Yang Xinguang, a Beijing-based artist born in Hunan province in 1980, is a graduate of the sculpture academy of the Central Academy of Fine Arts. Through his participation in a series of group exhibitions across China, he has earned a reputation as one of the strongest exemplars of a reemerging sculptural sense among the younger generations of artists in China. His work truly represents a break with dominant modes of production in today, much more suited to the current climate of recession and consolidation than to the false sheen of the recent bubble.

Occupying a unique role in the dialectic of contemporary art history, Yang Xinguang steps back from both descriptive work on everyday life and protest work in the realm of politics. Instead, his introspective works recall the discourses of both American minimalist sculpture in terms of their phenomenological relationship with the body of the spectator and arte povera in terms of their openness towards material and space.
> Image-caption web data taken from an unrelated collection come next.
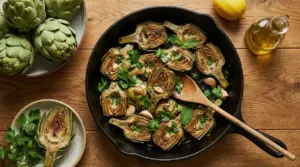Padellata di carciofi alla romanesca in padella con prezzemolo, aglio, limone e olio su tavolo di legno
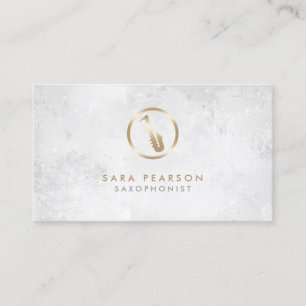 Saxofonist Gold Saxophone Icon Visitekaartje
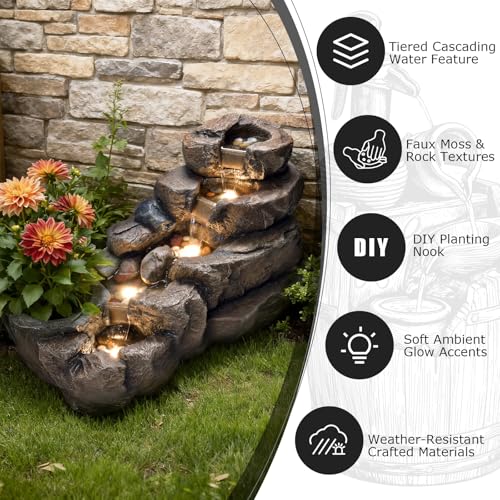 38.2" L Garden Rock Water Fountain Outdoor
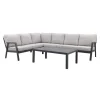 Loungesets-Van der Garde Tuinmeubelen - Premium VDG Viento/Atlanta hoek loungeset (4-delig) - Royal Grey/Antraciet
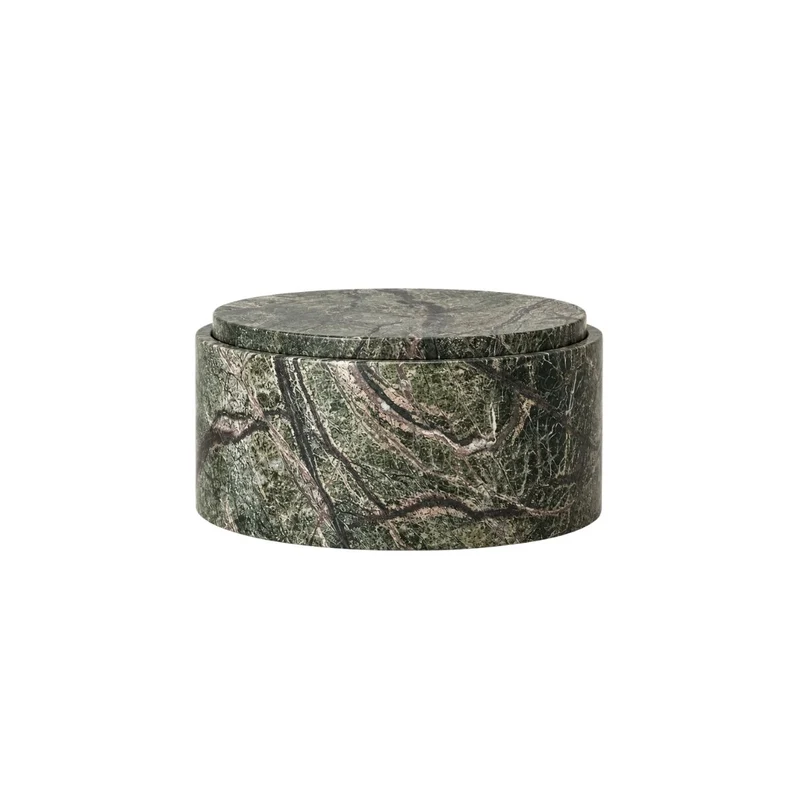 Bol de rangement en travertin avec couvercle - Marbre vert forêt - H12 cm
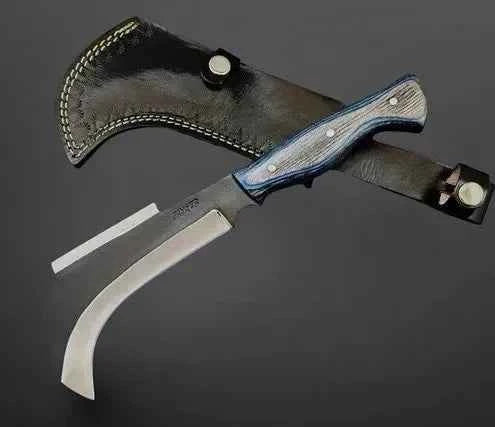 Handmade Carbon Steel Billhook With Leather Sheath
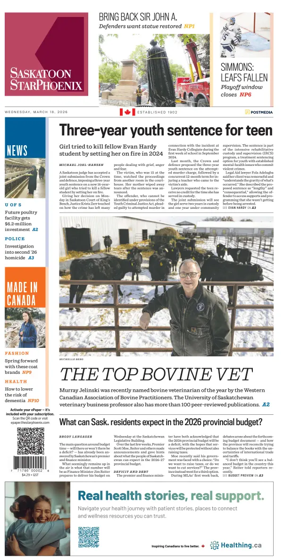 Cover of Saskatoon StarPhoenix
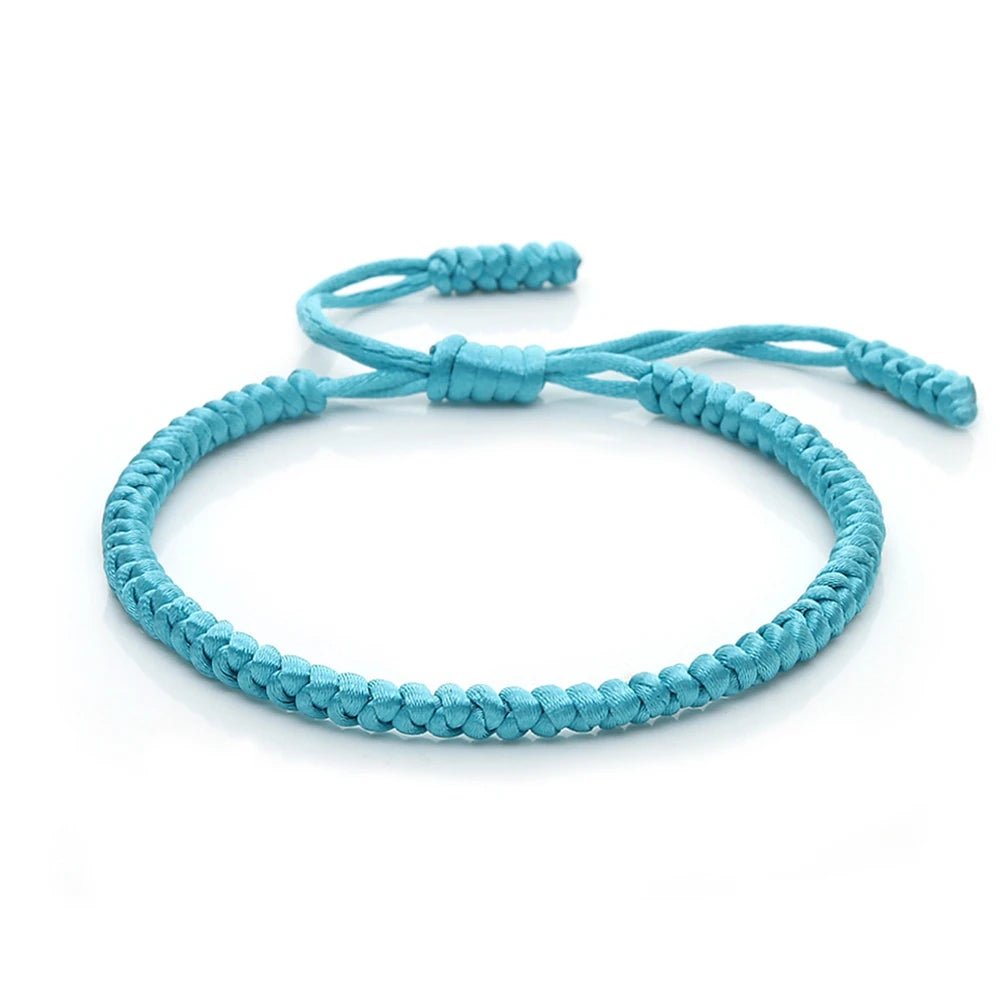 Multicolor Rope Lucky knots Bracelets Women Men Charm Woven Handmade Bangles Braided Adjustable Size Buddhism Jewelry Pulseras - LEIDAI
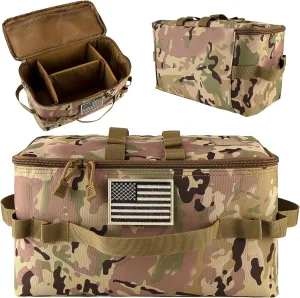 bvya Tactical Camping Storage Bag 11 Liters Outdoor Utility Tote Bag Camping Cookware Organizer Trunk Organizer with Flag Patch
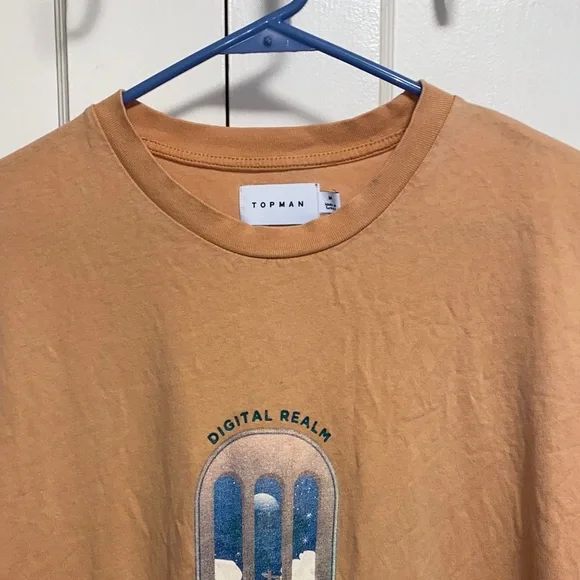 Topman Medium Apricot Graphic Digital Realm Short Sleeve Tee - Picture 5 of 14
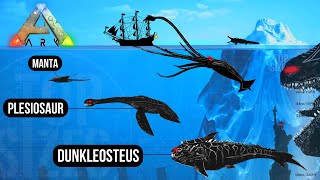 BIGGEST Ark Survival Sea Monsters  Size Comparison [upl. by Nivar]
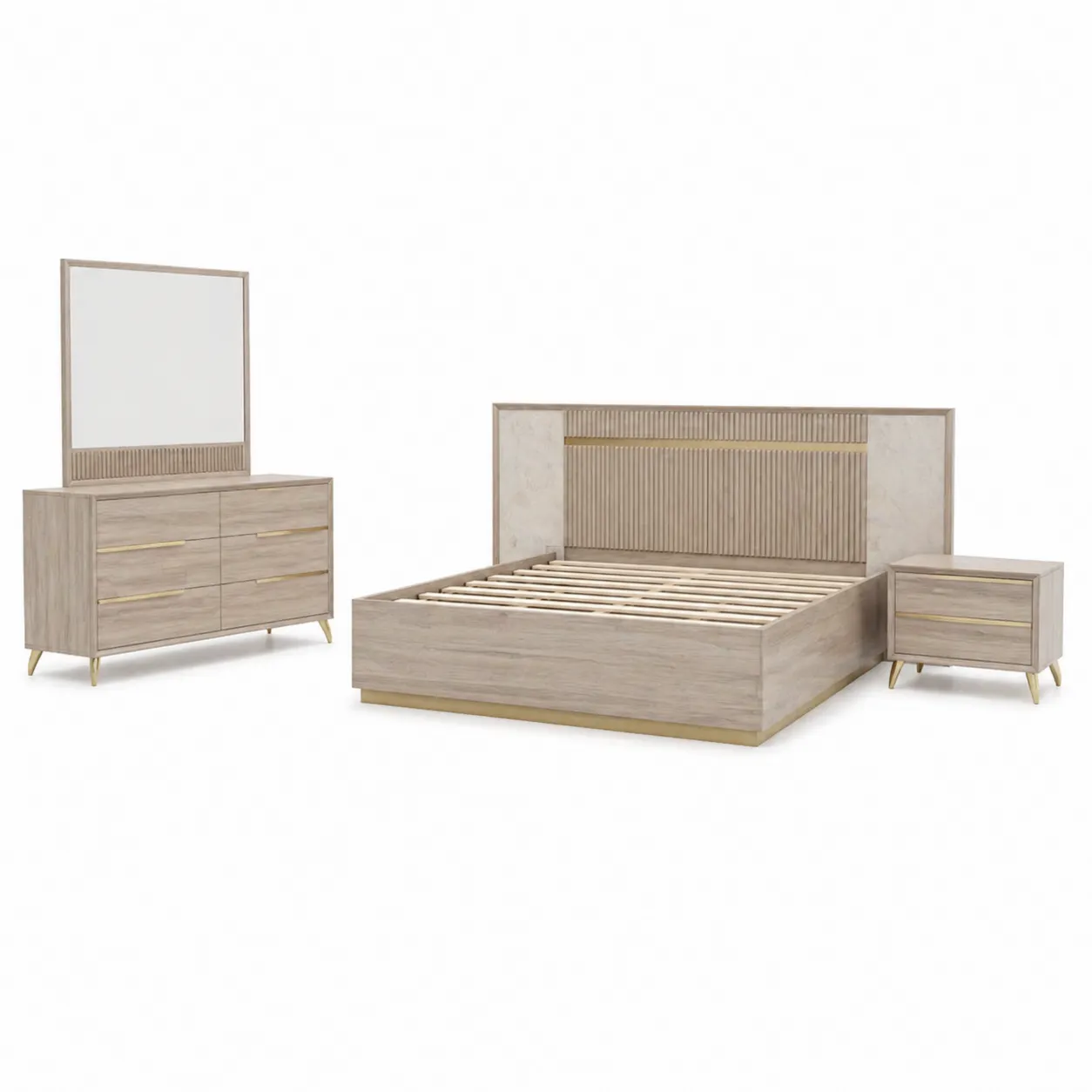 Set Camera in Legno di Quercia con Letto, Comodino e Comò con Specchio, Beige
Yang Xinguang’s works often involve wood, earth, and stone as their primary materials. Despite the process-oriented nature of their production, the emphasis remains on a final, finished product (although one differentiated from a unitary commodity); that is to say, all marks of production remain with the piece itself.

This exhibition will include primarily new works in the artist’s signature styles: stone formations, organic earthen shapes, wooden hooks, bored stones, shaved timbers, logs, and two-dimensional woodcarvings. We find, for example, a set of wooden hooks hung from the ceiling. Shiny and perfectly shaped, these forms evolved naturally along the innate structural lines of the chosen pieces of wood. Only after he had finished his whittling did Yang Xinguang realize that these hooks—intended to represent those used to hang meat—took on the texture of bones, implying a bizarre connection between life and death that evolved during the artist’s process of experimentation.

The primary themes interrogated in these pieces involve the language of form and the nature of materiality. Form, here, is a language. Like human language in its Saussurian conception, form in these works is never a simple tool. Although it can be used to mold the material object in a certain sense, it can also shape the scriptor through a process of mutual overdetermination. This form reflects the role of desire in the processing of any material, with the conscious act of the artist as the necessary supplement that reveals and destroys the cultural value attached to the object itself.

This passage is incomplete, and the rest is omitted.